How To Start Your Own Swimwear Company
By: Enrique Sánchez-Rivera, CEO LA ISLA
Today marks my 20th year in the swimwear business. Over the past two decades, I have had my fair share of successes and failures, but the most important takeaway has been a crash course in persistence. Unlike many apparel companies, I started LA ISLA with no investors and bootstrapped it every step of the way. It has not been easy, and I hope to aggregate my learnings in this post.
About three years ago, I left my office for a brief coffee break and returned to a flood of manufacturing inquiries from all over the country. I was truly shocked – up to that point, I had struggled to market our manufacturing services and retain leads. After the adrenaline subsided, I began to explore where the leads had come from. Digging in, I noticed that the emails originated from the contact form on our website. I called up one of the leads and after thanking them for their interest in LA ISLA, I asked them how they had found us. She responded: “Well, I searched for private label swimwear on Google and your company was the first one that showed up.”
I couldn’t believe it – LA ISLA had experienced a meteoric rise to the top of the “private label swimwear” keyword where we had previously held a third page position. While not a heavily trafficked phrase, those that search it are highly motivated in moving forward with their project. I had friends across the world verify our SEO placement from their own localities and we ranked #1 across the board.
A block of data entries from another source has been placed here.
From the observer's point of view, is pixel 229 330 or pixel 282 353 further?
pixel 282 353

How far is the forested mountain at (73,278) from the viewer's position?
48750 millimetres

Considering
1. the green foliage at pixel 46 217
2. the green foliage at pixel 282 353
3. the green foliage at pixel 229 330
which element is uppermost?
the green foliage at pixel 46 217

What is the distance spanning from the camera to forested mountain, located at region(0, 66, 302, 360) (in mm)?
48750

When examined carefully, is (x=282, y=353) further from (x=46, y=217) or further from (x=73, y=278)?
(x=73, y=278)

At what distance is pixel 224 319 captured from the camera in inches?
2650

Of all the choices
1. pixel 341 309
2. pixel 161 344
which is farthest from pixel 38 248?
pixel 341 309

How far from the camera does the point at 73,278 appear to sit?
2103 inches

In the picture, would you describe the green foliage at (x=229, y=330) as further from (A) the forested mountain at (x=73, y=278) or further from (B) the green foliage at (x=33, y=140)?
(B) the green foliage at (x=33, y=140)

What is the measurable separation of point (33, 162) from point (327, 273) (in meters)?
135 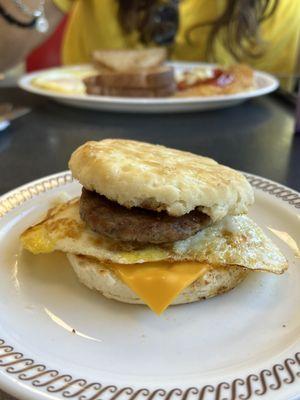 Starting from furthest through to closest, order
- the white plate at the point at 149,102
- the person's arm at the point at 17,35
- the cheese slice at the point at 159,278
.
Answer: the person's arm at the point at 17,35
the white plate at the point at 149,102
the cheese slice at the point at 159,278

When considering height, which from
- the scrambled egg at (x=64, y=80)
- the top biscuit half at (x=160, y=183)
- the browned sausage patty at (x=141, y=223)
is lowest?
the scrambled egg at (x=64, y=80)

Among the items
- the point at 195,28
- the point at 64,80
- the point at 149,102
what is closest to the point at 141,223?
the point at 149,102

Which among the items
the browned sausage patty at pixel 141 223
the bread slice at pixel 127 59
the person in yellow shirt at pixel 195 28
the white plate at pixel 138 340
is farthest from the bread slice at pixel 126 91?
the browned sausage patty at pixel 141 223

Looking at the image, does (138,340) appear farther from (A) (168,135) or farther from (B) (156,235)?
(A) (168,135)

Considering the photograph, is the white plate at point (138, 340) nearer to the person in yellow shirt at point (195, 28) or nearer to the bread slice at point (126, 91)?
the bread slice at point (126, 91)

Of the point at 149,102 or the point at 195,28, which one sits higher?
the point at 195,28

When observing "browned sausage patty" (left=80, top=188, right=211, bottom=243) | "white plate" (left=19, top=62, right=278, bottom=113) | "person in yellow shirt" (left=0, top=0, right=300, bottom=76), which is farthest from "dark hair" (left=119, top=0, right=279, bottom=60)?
"browned sausage patty" (left=80, top=188, right=211, bottom=243)

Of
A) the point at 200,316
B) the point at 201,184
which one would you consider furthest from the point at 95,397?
the point at 201,184
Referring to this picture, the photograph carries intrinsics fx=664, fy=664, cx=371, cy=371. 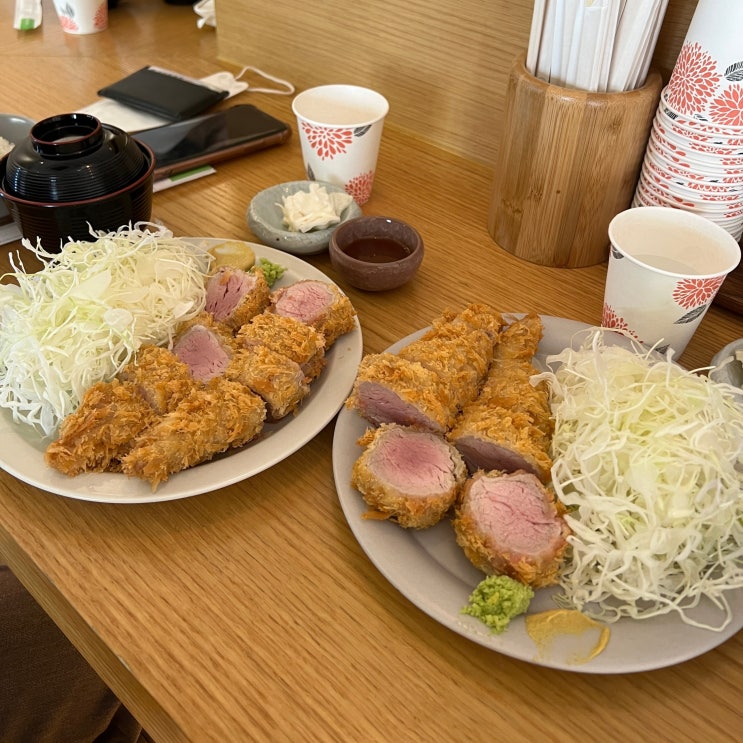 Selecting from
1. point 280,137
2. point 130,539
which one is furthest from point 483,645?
point 280,137

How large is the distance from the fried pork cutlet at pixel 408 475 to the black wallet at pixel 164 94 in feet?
4.68

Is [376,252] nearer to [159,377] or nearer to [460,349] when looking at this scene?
[460,349]

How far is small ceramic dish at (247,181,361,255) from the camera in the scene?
1476 millimetres

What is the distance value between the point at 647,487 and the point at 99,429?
82cm

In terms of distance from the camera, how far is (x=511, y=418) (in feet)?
3.41

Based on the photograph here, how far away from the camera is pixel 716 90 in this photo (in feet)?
3.88

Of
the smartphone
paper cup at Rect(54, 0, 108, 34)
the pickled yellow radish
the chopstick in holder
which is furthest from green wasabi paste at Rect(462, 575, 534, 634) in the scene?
paper cup at Rect(54, 0, 108, 34)

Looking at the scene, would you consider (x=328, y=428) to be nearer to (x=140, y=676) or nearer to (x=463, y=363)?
(x=463, y=363)

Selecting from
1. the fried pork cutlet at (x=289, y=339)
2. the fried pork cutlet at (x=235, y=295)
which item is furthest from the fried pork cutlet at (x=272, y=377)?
the fried pork cutlet at (x=235, y=295)

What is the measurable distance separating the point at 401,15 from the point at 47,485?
1.51 metres

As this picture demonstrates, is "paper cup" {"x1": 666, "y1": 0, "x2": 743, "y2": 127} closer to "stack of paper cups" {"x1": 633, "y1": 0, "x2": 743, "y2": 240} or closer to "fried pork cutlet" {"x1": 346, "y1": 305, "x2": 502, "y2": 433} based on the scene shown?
"stack of paper cups" {"x1": 633, "y1": 0, "x2": 743, "y2": 240}

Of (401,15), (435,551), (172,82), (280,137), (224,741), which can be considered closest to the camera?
(224,741)

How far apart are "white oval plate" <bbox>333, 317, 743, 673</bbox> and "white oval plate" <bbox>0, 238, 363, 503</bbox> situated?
0.10m

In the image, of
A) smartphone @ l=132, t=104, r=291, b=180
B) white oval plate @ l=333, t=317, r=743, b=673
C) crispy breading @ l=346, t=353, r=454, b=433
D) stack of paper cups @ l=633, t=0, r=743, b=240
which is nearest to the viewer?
white oval plate @ l=333, t=317, r=743, b=673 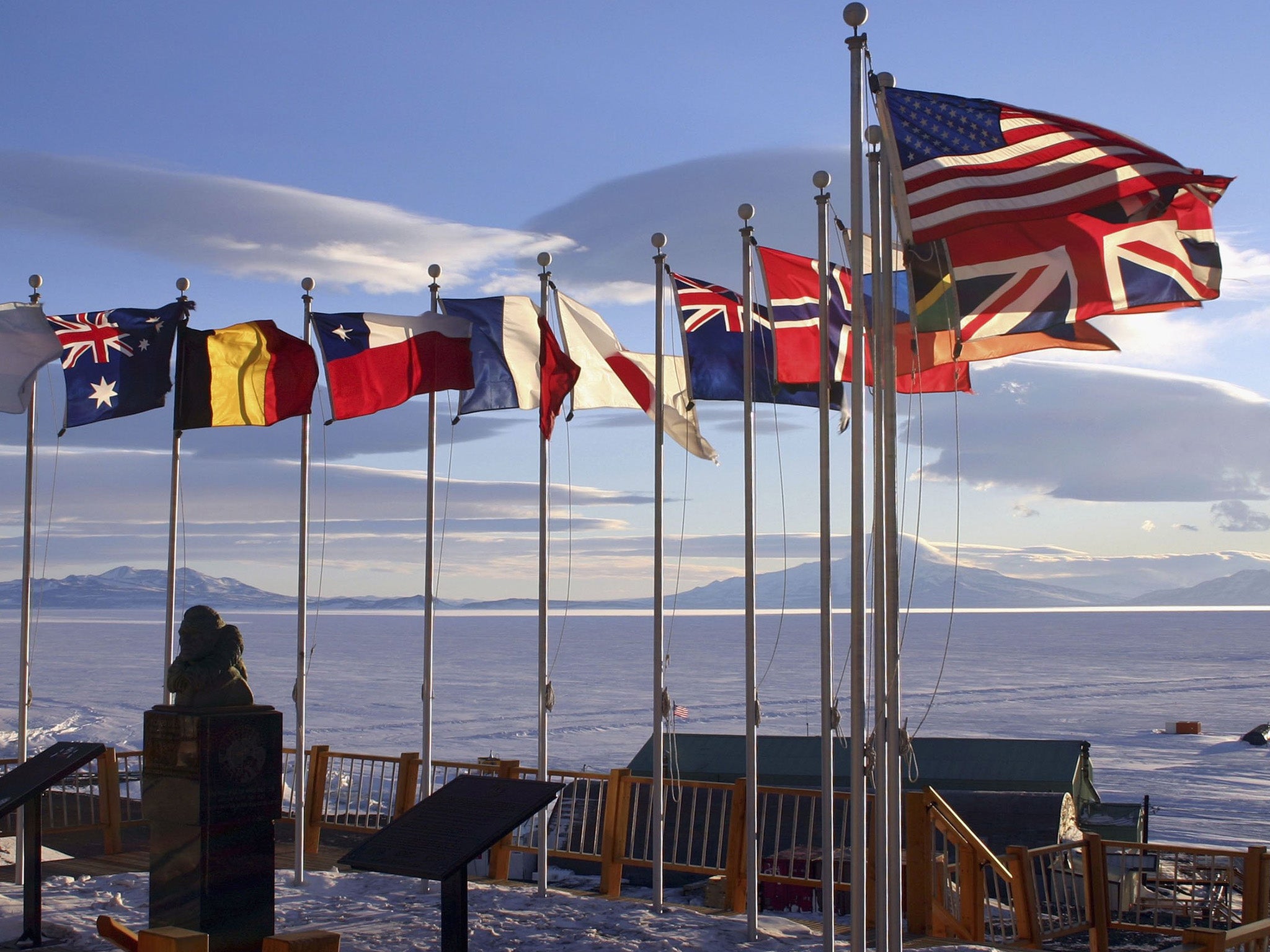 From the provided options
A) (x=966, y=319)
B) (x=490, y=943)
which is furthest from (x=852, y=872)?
(x=966, y=319)

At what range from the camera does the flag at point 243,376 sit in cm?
1455

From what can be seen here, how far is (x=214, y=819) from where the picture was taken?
10.5 meters

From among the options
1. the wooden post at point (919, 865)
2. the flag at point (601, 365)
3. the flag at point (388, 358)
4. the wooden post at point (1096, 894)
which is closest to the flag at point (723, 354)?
the flag at point (601, 365)

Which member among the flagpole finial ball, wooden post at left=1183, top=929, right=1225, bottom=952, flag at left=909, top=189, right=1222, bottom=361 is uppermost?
the flagpole finial ball

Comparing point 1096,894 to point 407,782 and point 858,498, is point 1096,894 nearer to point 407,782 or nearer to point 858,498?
point 858,498

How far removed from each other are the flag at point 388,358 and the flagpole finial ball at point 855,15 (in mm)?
A: 6187

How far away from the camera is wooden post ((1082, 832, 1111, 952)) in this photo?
1145 cm

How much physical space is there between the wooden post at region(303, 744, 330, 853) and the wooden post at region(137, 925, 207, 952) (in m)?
9.20

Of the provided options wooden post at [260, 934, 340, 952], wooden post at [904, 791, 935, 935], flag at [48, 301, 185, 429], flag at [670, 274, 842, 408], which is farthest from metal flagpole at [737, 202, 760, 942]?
flag at [48, 301, 185, 429]

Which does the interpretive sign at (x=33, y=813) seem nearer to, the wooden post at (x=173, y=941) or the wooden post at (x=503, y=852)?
the wooden post at (x=173, y=941)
Below, I will share my seven steps to follow as you start your own swimwear company. I created this list by imagining what I would do (and would avoid) if I was starting from scratch today.
7 Steps for Starting Your Own Swimwear Company
1. Create a business plan
A strong business plan is an essential ingredient in the success of an entrepreneurial venture. It is not just a document used to pitch investors an idea, but a living, breathing blueprint for your business as it evolves. My business plan has been a wonderful tool to keep me grounded and never lose sight of how and why I run my business. It has also served as a virtual compass for my company and brand.
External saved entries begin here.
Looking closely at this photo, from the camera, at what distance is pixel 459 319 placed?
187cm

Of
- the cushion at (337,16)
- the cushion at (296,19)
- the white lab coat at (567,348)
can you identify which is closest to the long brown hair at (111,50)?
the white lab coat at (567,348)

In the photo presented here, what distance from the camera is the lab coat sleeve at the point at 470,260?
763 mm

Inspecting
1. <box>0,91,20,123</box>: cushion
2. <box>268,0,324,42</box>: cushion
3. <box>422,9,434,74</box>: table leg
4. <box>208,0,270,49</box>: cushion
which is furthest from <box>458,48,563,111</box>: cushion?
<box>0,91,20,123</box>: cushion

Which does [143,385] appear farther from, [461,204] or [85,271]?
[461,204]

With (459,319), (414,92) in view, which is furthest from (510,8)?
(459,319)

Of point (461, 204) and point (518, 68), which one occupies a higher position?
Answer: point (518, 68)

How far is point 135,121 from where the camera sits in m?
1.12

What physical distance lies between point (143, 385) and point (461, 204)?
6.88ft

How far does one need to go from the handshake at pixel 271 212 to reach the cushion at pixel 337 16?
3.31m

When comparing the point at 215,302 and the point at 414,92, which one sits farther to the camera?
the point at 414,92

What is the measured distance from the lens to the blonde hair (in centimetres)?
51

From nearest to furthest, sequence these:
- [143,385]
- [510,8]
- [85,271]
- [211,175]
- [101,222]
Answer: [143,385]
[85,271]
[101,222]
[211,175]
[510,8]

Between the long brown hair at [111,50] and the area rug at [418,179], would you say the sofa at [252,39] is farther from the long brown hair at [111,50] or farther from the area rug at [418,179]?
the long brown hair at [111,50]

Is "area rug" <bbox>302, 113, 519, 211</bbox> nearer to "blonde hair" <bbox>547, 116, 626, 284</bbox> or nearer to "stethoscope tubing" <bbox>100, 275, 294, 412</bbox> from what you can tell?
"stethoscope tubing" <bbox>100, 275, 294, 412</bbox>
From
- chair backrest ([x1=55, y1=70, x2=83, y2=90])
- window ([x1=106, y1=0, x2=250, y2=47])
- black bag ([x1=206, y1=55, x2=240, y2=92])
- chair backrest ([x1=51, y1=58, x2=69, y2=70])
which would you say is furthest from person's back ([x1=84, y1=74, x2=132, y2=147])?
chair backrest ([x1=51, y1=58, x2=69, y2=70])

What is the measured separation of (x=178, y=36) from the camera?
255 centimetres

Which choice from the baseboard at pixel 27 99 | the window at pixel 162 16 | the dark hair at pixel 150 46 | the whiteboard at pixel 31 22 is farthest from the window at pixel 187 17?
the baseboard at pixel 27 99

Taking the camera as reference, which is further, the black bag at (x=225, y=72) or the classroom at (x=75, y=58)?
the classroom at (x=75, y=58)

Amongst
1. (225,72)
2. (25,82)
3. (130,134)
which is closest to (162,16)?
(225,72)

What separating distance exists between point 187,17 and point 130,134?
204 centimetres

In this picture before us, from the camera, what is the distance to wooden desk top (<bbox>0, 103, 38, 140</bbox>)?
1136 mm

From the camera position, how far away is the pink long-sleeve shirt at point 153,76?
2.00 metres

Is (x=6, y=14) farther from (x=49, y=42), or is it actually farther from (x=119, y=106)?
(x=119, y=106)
The U.S. Small Business Administration has a wonderful resource that I recommend you start with at: http://www.sba.gov/writing-business-plan. BPlans.com offers a software package which can be extremely useful. You can access the software at: http://www.liveplan.com/?pasc=liveplan-B-lg. A printed resource I like is the book “The Entrepreneurial Venture,” by Sahlman, Stevenson, Roberts, and Bhidé (Harvard Business School Press). Section A of the book #9 and #10 are great reads. This book was introduced to me by Richard J. Ash, Esq., who was my Private Equity and Entrepreneurship professor at The College of William and Mary (www.wm.edu).
2. Research your target market and the industry
Market research does not mean you should head to a store and try on some swimsuits. Instead, you must take a deep dive into competitors in the industry. Look for hard numbers — sales figures, industry growth trends, profitability. Do some qualitative research by reaching out to store buyers on LinkedIn, attending a trade show, and reading industry reports. Observe how other companies approach sales and marketing from a consumer lens. Find a problem in the industry and try to come up with a unique solution to offer the market. After completing your research, take a step back and reflect: if you, and others, truly believe your product is a home-run, take the next steps. One of them should be to create a “launch”/project calendar which should coincide with the retail spring/summer or with the wholesale buying season which for swimwear begins in August for the following year’s market. If your plan is to sell direct to clients online, then you have to decide when to launch, depending on what part of the world you’re in. For example, if you’re in the US, your summer is opposite to Argentina’s.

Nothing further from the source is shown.